Validity type	Construct
Pass condition	The proposed circuit does not score highly on unrelated tasks under the same instrument and intervention strength
Evidence family	Representational (cross-task IIA), Behavioral (cross-task faithfulness)
Minimum reporting	IIA or faithfulness on ≥1 unrelated control task; ratio of on-task to off-task score
Common failure mode	Reporting only the target-task score; never testing whether the same circuit scores well on completely unrelated behaviors

What this criterion requires

Task specificity is the discriminant side of construct validity. It asks whether the circuit is specific to the claimed computation, or is a general-purpose structure that would score well on any task.

Satisfied when:

The circuit is tested on ≥1 unrelated control task. Different in computational structure, not just a variant. For SVA: Greater-Than is a good control. For IOI: Greater-Than or gendered pronoun.
The circuit’s score on the control task is substantially lower. On-task:off-task ratio ≥ 2:1, or off-task score not significantly above chance using the same instrument and strength.
Cross-task IIA contamination is near zero. Using the same subspace alignment, the IIA on the control task should be near baseline.

The specificity ratio

R = IIA(target task) / IIA(control task)

R = 1.0 means the circuit scores equally on both — task specificity fails. R ≥ 2.0 with off-task score not significantly above baseline is a reasonable pass threshold.

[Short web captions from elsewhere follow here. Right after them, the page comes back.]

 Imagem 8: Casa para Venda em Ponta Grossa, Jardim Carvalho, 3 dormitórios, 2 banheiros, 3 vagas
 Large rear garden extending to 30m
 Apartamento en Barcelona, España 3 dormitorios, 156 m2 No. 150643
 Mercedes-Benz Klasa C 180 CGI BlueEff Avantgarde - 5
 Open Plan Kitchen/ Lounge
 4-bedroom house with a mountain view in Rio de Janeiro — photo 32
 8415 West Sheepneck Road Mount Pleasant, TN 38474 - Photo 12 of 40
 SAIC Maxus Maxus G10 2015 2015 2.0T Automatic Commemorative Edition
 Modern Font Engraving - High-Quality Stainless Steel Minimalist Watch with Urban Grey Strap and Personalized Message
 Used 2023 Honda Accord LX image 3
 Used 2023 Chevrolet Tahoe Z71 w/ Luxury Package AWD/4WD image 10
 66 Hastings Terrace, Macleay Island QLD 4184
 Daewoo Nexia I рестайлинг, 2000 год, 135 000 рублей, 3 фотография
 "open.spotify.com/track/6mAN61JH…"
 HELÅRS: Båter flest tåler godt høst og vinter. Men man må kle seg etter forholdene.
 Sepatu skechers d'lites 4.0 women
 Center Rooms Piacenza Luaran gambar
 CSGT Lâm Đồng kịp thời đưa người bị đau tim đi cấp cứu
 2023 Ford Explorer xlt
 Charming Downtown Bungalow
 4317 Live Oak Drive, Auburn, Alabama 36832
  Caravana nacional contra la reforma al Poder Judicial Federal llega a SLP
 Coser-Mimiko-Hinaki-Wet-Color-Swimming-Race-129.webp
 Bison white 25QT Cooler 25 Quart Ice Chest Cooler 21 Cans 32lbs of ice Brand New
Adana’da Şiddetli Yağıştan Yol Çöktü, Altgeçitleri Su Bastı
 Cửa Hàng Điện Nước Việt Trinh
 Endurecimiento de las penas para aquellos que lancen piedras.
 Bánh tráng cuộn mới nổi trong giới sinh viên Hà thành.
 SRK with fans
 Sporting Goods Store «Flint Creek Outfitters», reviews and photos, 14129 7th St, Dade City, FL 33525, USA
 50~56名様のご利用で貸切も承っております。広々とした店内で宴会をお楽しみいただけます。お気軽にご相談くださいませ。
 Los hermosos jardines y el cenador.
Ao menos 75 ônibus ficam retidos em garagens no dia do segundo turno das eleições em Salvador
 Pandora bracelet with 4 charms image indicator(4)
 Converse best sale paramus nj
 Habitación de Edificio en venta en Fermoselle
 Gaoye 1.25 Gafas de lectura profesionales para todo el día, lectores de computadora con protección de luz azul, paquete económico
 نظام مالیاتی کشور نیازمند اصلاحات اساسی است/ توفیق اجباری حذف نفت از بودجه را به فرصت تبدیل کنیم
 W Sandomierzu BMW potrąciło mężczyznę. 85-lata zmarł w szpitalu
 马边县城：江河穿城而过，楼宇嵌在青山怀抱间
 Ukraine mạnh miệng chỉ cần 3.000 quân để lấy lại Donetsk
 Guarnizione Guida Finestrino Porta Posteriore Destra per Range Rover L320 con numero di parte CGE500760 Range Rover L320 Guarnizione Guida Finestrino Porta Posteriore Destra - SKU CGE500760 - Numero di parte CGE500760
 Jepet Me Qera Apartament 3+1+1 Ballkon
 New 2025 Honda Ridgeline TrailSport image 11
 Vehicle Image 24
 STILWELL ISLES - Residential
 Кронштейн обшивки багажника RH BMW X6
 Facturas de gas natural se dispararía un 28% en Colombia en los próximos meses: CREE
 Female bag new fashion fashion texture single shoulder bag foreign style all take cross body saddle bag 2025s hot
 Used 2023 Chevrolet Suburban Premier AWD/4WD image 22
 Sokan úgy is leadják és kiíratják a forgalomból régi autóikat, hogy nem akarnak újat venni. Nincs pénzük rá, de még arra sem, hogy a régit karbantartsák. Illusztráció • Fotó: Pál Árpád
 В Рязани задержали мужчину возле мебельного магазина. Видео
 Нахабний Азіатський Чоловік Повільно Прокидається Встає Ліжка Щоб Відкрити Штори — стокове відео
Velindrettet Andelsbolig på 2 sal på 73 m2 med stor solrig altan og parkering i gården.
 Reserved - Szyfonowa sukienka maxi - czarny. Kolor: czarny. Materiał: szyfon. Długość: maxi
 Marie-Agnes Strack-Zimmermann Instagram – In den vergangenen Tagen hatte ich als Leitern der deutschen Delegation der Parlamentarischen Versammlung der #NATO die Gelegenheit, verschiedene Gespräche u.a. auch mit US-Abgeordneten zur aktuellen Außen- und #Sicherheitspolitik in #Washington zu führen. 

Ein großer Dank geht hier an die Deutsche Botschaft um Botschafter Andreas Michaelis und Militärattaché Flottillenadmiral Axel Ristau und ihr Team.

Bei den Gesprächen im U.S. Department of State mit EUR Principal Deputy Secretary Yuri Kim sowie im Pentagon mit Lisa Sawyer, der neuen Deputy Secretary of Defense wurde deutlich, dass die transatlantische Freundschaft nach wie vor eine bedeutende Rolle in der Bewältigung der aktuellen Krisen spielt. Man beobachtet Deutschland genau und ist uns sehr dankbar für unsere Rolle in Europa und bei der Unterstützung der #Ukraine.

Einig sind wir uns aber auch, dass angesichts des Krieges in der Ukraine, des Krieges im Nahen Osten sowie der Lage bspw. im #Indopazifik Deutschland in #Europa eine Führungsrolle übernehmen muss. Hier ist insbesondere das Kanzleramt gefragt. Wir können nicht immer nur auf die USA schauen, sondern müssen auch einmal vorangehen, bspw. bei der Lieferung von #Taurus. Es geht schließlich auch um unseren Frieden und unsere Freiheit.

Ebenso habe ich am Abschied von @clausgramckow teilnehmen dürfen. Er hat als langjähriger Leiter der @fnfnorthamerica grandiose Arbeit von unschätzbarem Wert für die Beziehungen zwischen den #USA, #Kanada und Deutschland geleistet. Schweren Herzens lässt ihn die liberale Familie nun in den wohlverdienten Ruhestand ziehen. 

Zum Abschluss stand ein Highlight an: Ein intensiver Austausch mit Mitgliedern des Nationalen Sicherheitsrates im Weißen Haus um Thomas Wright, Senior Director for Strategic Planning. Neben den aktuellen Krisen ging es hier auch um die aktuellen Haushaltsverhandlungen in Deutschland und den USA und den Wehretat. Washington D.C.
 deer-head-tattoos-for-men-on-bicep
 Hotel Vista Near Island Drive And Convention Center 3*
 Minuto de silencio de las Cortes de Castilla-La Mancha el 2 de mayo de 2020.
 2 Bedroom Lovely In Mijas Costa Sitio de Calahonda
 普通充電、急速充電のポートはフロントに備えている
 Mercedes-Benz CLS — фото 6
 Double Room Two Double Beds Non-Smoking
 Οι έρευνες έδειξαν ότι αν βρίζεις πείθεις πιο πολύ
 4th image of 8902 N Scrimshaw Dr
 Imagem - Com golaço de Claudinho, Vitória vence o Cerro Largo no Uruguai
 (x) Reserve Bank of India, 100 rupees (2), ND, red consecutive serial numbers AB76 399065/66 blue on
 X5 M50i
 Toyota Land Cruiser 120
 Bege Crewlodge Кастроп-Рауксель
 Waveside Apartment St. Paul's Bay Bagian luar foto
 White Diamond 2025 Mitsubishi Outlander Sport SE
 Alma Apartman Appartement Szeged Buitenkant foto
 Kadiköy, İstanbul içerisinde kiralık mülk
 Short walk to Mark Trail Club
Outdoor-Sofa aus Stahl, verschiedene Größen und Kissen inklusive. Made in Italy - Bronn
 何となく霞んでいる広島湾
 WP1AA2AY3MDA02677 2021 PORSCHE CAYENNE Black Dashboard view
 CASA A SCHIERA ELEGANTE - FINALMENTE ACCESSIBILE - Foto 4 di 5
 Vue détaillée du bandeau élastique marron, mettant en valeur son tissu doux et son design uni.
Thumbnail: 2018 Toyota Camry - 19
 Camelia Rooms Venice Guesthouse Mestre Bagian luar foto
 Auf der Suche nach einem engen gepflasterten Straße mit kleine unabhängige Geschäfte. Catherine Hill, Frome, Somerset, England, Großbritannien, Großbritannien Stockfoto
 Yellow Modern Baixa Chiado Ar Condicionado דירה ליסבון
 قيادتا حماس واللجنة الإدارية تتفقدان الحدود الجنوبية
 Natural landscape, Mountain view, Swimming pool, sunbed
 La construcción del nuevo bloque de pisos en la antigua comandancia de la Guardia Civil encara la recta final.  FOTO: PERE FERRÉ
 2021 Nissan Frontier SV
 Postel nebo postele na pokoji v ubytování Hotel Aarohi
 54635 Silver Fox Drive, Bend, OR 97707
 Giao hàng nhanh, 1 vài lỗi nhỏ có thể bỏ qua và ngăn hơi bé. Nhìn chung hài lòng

Application to this project

The SVA circuit claim at L8.MLP requires: IIA on Greater-Than or IOI (same DAS-IIA setup). If L8.MLP shows IIA = 0.48 on SVA and IIA = 0.10 on Greater-Than (R = 4.8), task specificity is satisfied. If IIA = 0.45 on Greater-Than (R = 1.07), the construct is “general information-processing locus,” not SVA-specific — a weaker and different claim.

Minimum reporting rule

Control task, intervention strength used for control.
Off-task score with same precision as on-task score.
Specificity ratio.
If off-task score is unexpectedly high, discuss — may mean the construct is under-specified.